Searching for New Anti-Malaria Drugs

By Gene Yang ’19

Figure 1. Malaria is transmitted to humans by the mosquito genus Anopheles. The species A. minimus is pictured above.

Over 216 million cases of malaria, a disease caused by the Plasmodium parasite and transmitted by mosquitos, were recorded in 2016. While this disease still results in an estimated half a million deaths per year, the majority of which occurs in Sub-Saharan Africa, mortality rates are on the decline thanks to increased prevention and control. However, if malaria eradication is to succeed, new antimalarial drugs may be needed in the near future—Artemisinin was discovered in 2015 and quickly became the standard treatment, yet resistance to this medication has already been found in Southeast Asian malarial strains.


Dr. Annie Cowell and her team of researchers from the University of California San Diego and Washington University have made a step forward in the search for new antimalarial drugs using a type of study known as experimental evolution. Experimental evolution involves observing how microbial populations evolve over thousands of generations in a controlled setting. In this experiment, the malaria parasite P. falciparum was exposed to 37 diverse compounds with antimalarial properties for six months. As the population grew, it gradually developed resistance to these compounds.


To gain insight into resistance-induced genetic changes and new potential drugs target sites. Large-scale genome sequencing was then performed on 240 bacteria genomes. The comparison of “normal” P. falciparum to resistant P. falciparum found changes in 83 genes associated with drug-resistance.

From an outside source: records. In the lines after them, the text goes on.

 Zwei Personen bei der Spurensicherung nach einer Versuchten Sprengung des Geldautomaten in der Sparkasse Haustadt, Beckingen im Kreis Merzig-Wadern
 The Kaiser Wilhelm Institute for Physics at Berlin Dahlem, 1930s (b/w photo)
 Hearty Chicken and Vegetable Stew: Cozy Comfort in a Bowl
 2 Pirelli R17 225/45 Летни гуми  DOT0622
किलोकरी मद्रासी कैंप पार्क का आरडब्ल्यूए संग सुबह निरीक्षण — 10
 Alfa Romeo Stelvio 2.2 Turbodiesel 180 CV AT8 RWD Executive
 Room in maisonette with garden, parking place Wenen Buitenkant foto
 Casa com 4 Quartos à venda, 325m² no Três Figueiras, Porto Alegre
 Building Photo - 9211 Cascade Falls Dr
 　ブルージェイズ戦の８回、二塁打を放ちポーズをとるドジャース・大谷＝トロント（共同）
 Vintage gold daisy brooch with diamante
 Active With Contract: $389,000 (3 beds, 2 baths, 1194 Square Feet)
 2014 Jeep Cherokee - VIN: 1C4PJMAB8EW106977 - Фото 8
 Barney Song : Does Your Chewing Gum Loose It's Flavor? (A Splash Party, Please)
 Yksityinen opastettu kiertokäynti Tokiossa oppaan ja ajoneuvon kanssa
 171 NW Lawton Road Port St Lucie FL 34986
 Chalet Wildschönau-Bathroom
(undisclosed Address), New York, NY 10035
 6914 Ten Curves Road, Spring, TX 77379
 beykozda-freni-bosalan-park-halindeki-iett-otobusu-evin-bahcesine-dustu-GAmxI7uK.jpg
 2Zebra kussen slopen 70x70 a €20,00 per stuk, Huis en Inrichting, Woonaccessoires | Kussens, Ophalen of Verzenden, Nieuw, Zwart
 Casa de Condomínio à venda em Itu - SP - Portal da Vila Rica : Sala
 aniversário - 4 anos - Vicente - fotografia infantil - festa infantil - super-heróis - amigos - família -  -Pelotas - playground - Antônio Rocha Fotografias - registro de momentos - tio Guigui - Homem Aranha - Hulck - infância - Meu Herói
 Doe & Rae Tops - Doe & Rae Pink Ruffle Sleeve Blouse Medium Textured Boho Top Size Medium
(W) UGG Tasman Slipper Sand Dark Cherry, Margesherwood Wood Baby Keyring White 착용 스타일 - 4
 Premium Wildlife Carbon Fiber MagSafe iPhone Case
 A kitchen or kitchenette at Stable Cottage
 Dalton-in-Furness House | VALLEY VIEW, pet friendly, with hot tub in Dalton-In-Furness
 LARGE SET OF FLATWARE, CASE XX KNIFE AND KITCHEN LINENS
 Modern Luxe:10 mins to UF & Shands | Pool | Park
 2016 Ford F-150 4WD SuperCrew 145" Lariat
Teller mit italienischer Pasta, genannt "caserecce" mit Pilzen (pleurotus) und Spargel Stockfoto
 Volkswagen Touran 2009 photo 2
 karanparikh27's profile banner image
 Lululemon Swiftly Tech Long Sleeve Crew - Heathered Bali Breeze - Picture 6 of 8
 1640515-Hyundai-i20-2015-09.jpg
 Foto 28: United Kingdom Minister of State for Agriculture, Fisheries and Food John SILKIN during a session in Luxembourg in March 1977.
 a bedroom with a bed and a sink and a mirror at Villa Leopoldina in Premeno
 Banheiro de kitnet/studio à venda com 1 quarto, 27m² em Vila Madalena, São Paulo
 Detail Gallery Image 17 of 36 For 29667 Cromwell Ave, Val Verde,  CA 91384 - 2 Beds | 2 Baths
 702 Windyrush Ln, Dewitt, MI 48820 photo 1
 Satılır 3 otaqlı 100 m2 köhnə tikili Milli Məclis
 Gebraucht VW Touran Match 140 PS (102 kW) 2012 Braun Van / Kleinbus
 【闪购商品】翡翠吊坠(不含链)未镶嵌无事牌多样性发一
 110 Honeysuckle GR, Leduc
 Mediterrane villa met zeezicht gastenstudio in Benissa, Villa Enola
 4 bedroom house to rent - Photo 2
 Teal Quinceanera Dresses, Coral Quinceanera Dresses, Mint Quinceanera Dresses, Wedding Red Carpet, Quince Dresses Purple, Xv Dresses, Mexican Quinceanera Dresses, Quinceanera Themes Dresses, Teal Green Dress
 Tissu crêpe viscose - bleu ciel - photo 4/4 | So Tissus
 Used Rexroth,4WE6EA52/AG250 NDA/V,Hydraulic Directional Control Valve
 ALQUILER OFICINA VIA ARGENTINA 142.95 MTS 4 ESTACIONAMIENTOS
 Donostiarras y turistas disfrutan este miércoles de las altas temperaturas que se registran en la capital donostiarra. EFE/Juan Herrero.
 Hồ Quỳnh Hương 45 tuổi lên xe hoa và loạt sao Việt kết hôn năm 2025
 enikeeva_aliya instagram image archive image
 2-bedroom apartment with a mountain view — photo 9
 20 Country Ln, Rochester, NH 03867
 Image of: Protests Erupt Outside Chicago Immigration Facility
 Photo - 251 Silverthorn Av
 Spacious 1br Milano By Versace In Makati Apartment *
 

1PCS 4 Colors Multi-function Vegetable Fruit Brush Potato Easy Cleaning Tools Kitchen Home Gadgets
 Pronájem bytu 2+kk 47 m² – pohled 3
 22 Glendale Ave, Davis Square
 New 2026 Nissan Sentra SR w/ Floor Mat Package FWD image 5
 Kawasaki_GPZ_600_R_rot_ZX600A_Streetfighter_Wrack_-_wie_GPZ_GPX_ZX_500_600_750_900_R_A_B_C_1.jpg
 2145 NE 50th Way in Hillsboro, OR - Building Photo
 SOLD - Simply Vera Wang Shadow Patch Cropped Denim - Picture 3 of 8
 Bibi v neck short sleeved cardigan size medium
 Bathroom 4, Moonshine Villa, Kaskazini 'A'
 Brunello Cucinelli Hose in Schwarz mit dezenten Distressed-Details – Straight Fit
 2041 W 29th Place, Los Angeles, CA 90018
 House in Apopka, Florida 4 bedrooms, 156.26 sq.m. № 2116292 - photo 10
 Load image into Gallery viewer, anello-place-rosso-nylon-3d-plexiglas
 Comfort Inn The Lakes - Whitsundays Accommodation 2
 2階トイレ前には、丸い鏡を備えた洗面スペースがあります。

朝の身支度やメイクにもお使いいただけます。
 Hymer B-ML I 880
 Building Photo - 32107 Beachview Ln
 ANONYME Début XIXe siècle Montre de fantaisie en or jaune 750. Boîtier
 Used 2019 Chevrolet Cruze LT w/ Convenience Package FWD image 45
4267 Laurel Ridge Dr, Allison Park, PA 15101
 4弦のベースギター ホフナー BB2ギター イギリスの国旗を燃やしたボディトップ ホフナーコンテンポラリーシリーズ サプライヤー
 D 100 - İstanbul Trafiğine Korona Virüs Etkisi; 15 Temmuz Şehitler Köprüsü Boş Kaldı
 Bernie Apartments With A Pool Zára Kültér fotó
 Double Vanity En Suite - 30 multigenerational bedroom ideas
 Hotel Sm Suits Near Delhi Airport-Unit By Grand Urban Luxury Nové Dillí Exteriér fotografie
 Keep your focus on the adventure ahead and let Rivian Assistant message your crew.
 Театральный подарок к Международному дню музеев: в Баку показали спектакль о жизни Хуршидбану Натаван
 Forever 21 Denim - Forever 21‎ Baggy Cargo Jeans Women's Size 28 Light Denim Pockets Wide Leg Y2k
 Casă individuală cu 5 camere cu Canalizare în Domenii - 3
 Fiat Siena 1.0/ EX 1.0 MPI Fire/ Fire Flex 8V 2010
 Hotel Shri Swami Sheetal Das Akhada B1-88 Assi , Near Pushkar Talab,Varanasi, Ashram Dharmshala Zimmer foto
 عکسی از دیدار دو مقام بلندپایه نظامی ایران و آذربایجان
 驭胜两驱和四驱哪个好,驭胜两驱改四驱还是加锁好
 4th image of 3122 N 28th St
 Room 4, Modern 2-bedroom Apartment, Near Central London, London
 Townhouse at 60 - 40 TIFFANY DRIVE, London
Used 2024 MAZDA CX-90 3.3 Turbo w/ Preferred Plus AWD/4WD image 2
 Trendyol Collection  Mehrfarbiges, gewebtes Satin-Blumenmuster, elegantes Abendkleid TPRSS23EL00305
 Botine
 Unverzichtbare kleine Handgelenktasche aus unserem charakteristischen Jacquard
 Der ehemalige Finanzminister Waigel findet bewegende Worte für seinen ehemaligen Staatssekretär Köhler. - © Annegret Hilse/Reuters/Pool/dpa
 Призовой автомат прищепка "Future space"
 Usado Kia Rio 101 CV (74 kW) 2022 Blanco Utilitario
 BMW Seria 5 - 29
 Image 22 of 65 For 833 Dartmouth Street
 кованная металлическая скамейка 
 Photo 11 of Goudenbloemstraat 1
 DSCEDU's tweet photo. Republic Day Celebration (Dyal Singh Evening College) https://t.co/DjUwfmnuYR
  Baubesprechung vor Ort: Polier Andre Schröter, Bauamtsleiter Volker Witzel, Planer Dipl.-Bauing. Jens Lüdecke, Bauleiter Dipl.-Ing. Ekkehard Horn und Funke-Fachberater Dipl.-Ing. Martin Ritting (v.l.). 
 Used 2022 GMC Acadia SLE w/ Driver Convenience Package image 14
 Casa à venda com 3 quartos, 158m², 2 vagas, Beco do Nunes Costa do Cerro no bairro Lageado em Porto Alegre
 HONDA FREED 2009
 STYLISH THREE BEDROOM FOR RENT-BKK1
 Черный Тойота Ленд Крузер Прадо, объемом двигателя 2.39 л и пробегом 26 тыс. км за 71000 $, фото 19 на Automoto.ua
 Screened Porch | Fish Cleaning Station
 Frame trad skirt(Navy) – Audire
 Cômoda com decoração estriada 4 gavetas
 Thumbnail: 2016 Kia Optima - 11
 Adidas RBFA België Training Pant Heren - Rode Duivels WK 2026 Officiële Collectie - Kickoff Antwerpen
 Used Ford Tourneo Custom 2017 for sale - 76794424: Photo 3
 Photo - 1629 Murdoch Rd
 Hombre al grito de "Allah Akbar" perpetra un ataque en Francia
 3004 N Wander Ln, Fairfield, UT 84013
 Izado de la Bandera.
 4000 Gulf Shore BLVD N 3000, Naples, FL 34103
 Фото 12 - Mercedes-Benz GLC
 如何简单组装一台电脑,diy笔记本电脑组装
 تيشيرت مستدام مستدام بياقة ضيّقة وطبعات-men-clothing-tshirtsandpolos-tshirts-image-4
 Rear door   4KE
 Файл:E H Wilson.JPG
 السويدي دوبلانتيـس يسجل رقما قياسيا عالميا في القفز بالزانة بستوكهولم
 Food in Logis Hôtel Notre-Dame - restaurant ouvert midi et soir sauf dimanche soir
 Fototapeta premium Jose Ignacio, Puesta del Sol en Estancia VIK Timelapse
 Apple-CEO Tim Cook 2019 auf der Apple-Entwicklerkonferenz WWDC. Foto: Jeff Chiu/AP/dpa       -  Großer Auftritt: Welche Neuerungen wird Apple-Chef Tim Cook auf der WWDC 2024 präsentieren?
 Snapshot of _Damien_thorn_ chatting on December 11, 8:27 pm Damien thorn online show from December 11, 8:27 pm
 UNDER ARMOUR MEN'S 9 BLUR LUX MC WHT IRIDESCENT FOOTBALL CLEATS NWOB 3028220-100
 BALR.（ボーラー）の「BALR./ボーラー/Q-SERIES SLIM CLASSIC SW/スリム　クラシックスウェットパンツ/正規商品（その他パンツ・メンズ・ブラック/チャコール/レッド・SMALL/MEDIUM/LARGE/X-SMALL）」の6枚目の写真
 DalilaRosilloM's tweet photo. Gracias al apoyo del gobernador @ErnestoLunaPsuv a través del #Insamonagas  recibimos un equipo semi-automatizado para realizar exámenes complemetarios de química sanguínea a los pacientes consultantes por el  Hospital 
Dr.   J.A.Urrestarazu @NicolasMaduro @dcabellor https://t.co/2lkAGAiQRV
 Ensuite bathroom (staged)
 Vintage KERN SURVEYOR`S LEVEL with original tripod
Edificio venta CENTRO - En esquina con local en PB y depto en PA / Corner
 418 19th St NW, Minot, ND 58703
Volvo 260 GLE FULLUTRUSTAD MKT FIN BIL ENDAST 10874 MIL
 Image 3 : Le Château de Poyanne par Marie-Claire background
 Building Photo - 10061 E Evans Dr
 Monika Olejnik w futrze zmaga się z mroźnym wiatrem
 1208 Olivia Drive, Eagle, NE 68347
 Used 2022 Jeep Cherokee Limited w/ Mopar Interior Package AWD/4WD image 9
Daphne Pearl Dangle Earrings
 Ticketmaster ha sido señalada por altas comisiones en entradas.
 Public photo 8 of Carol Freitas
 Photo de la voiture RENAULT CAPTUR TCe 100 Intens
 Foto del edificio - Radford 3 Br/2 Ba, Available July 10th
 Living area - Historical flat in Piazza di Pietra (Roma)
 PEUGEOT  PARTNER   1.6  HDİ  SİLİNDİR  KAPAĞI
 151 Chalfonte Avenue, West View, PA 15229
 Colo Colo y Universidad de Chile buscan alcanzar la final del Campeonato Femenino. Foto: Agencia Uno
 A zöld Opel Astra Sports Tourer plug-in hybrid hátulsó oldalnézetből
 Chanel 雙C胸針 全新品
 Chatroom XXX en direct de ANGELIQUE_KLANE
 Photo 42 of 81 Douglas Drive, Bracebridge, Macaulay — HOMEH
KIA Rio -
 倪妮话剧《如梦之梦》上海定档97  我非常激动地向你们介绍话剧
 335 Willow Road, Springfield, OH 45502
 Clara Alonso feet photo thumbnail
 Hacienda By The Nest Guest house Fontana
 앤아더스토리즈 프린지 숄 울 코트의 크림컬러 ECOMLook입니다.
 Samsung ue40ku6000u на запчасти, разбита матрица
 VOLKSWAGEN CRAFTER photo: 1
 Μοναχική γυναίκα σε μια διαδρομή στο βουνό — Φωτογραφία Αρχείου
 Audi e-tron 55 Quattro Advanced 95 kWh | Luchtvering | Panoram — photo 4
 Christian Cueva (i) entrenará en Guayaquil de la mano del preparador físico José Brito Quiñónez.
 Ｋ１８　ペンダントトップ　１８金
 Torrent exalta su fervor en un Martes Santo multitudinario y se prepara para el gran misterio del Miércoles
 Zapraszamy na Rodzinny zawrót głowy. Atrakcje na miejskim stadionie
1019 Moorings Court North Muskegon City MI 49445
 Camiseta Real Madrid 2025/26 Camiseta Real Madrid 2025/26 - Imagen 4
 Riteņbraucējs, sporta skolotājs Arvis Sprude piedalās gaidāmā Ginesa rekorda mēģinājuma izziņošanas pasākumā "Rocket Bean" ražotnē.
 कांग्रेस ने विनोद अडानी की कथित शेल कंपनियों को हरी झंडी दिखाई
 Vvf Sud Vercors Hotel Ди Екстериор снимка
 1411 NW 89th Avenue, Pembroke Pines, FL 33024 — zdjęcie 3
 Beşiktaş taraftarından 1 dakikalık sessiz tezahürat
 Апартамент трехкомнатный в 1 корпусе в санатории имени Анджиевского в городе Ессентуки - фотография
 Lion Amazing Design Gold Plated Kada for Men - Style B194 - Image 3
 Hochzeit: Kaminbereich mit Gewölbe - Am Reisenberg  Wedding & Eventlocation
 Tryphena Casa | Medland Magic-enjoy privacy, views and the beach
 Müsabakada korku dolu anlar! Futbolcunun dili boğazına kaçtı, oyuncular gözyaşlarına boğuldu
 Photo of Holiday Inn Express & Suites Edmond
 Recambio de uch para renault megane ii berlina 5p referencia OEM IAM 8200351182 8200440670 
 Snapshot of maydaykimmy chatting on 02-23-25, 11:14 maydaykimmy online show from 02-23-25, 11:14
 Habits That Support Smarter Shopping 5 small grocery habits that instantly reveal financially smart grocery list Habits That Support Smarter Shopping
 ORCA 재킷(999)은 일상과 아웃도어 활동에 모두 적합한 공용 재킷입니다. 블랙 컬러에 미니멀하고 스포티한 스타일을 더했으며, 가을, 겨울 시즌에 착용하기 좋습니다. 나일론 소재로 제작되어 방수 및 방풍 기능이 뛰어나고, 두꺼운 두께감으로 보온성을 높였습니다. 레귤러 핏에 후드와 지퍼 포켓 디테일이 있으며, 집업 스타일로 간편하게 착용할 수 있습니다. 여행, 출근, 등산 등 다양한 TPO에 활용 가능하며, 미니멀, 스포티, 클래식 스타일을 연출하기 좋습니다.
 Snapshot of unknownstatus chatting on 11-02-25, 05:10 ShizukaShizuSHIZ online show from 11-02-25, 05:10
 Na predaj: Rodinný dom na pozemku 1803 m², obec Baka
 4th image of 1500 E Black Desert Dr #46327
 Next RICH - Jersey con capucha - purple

This included a mutation in the forkhead-associated domain of an uncharacterized protein, a region traditionally believed to be conserved. Additionally, potential drug target sites were also discovered. These novel target sites, which include thymidylate synthase and farnesyltransferase, are molecular structures that can potentially be targeted to kill the parasite. This finding allows the possibility of new classes of antimalarial drugs to be researched, leading one step closer to eliminating malaria entirely.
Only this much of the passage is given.